Posted on October 13, 2009 at 8:00 am

Meet two extraordinary women — Dee Roberts, based on a real-life single mother who took on corrupt and racist law enforcement officials in Texas and Nicole Beharie, the woman who plays her, who makes one of the most thrilling feature film debuts in years.

Dee is a single mother who lives in the projects. She works as a waitress and cares for her four daughters with the help of her mother (Alfre Woodard), a hairdresser. Her community is constantly being caught up in violent law enforcement sweeps that result in widespread arrests of people too poor, uninformed, and desperate to go to court. The county and state get federal funds based on conviction rates so they push hard, often without any real evidence. And the people who have been arrested, all black and all poor, have no resources to defend themselves and settle for plea bargains, not realizing that the admission of guilt will cut off their welfare payments and right to vote.

An ACLU lawyer (Tim Blake Nelson) arrives in town willing to challenge the district attorney (Michael O’Keefe), but he needs local counsel and he needs a plaintiff — someone who has been abused by the process to file the lawsuit. Only Dee has the courage and passion for justice to challenge the established power in her city.

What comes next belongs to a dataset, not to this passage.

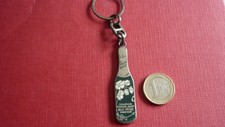 PORTE CLE METAL  ARGENTE /  * PERRIER-JOUET *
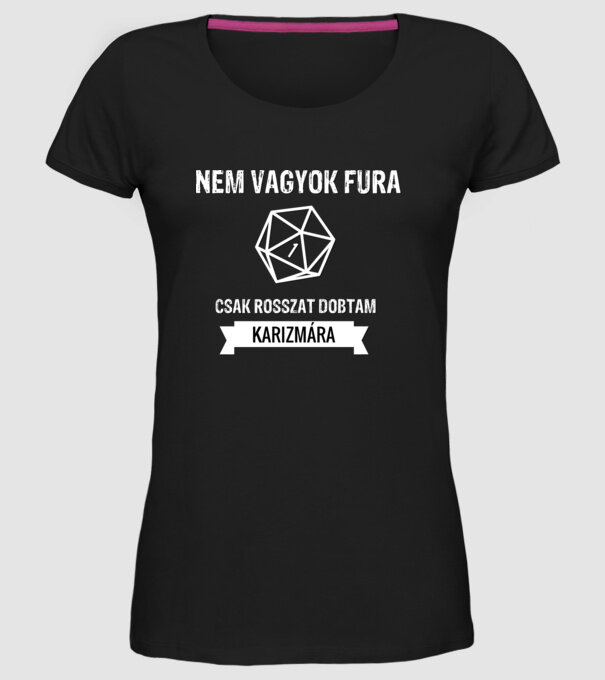  minta fekete pólón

Thankfully, the film avoids the too-frequent failure of making the white characters the heroes of a civil rights story. In this case, it is in part due to a skillful screenplay by Bill Haney and to Beharie’s star power in a performance of extraordinary sensitivity and fire. She has a mesmerizing ability to convey the mingled emotions of fear and resolve while maintaining sweetness and dignity. Her interactions with the four real-life sisters who play her young daughters feels completely authentic and as she thinks through her choices we feel we can see her weigh every option. The story is a classic American triumph of the oppressed through the court system but Dee is more than a client and a figurehead; she is an essential strategist, coming up with a crucial change of plans at the case’s turning point, and a constant source of inspiration. “After what they done to me, they made it my business,” she tells her mother.

It hits a little heavily on the implications of the 2000 election but wisely puts the story in context so that it is clear that the problem is systemic and not the result of one official or one town. Even more wisely, it keeps the focus on Dee, who as portrayed by Beharie is truly mesmerizing.